For weeks 1 and 2, I struggled to go slow enough at 180 (too much low back pain/fatigue). On week 3 (last Friday), I performed two sets at 145 (still faster than prescribed). After the second set, I could barely walk. I went out to the parking lot, got in my car, and started driving home. I had to pull over, and recline the seat for 15 minutes to get some relief. The pain was unbearable. My low back was fatigued for the rest of the day. I woke up the next day without pain, just soreness.

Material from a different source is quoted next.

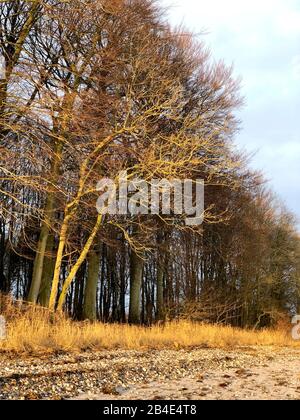 Als; Alsen; Insel; Baum; Wald; Dänemark Stock Photo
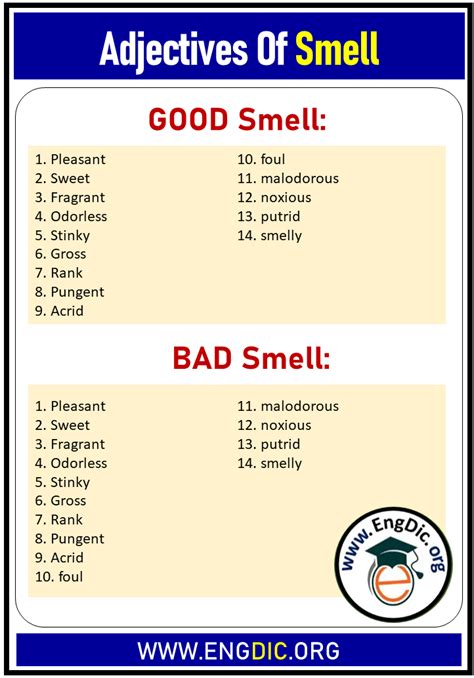 Adjective of Smell, Good and Bad Smell Adjectives - EngDic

It’s probably worth nothing that I have a pretty high pain tolerance - I have had joints reset without anesthesia (no problem), I virtually never take pain medication, and I’ve played sports through pretty severe injuries without complaint.

The pain seems to be more intense on the right side of my low back. I should also mention that, without physical activity, I have no low back problems to speak of (I only experience pain when working my low back).

Any advice? Is this normal to some degree? Should I substitute another squat variation for tempo squats? Should I perform some additional low back conditioning movements throughout the week (hyper-extensions, etc.)?

Any feedback would be greatly appreciated. Thanks in advance for your time.

Kevin

Sorry to hear about your difficulties, Kevin.

Based on your description of needing 10+ minutes between work sets, it just sounds like you need to swallow your pride and take some weight off the bar for a period of time. And you can either do something similar with the tempo squats, or “transition” yourself into them more gradually by just using a tempo on the eccentric part of the squat for now (i.e., 3-0-0).

Austin,

Thank you for the quick response!

I just want to clarify, because I’m new to RPE, and am just getting starting to get a feel for it. I understand that I should be able to complete sets at RPE 8 with roughly 4-5 minutes of rest in between (can’t remember if I read that in the program PDF, or heard it on a BB Medicine podcast / Q/A).

That said, even though I require significantly more rest (or at least I feel that I do - it’s been about a week and a half since I’ve tested running sets with less time in between), the bar is never particularly slow on the last rep of any set. I always have more reps in the tank - even on sets 3 and 4.

If you still feel I should drop weight, then that is exactly what I will do. I just want to make sure that I’m not cheating myself and going too light. When I finished my novice LP, my numbers were as follows:

Squat: 335 x 5 x 3
Deadlift: 340 x 5 x 1
Bench: 225 x 5 x 3 (though it was still going 5 lbs / workout, I decided to switch to bridge anyway - my other lifts were done going up in weight)
OHP: 140 x 5 x 3

Thanks again! I really do appreciate the help.

If those ending LP numbers were nearly all-out grinders with 10+ minutes rest in between sets, then you need to adjust your expectations for what your routine training numbers should be like. Because if you plan to increase your training volume over time to drive long-term progress, rest periods that long will quickly make your sessions 3+ hours in length. Again, if you seem to be that sensitive to the tempo squats, you could substitute one of the options I described above, but I do think you need to improve your work capacity / tolerance for training.